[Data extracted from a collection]
========================================================================

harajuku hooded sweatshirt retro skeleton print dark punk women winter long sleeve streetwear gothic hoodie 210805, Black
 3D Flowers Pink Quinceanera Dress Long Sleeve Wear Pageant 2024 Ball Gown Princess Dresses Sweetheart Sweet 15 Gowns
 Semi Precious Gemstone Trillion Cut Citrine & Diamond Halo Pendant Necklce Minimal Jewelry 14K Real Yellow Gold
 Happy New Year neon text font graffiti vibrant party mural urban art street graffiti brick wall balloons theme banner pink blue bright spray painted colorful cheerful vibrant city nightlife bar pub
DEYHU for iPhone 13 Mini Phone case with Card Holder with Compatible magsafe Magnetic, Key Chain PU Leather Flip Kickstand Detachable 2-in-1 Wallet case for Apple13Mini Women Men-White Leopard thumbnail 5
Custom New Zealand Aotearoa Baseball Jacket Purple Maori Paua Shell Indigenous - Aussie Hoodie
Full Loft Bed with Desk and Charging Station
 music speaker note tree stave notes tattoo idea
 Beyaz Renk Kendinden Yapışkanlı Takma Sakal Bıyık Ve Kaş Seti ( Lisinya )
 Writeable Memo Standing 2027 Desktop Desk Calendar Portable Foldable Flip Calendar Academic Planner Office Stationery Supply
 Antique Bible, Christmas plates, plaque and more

========================================================================

→ **GOAL OF THE EXERCISE**:
Repeat the entries verbatim through the line with "Semi Precious Gemstone".

→ **ANSWER SECTION**:
harajuku hooded sweatshirt retro skeleton print dark punk women winter long sleeve streetwear gothic hoodie 210805, Black
 3D Flowers Pink Quinceanera Dress Long Sleeve Wear Pageant 2024 Ball Gown Princess Dresses Sweetheart Sweet 15 Gowns
 Semi Precious Gemstone Trillion Cut Citrine & Diamond Halo Pendant Necklce Minimal Jewelry 14K Real Yellow Gold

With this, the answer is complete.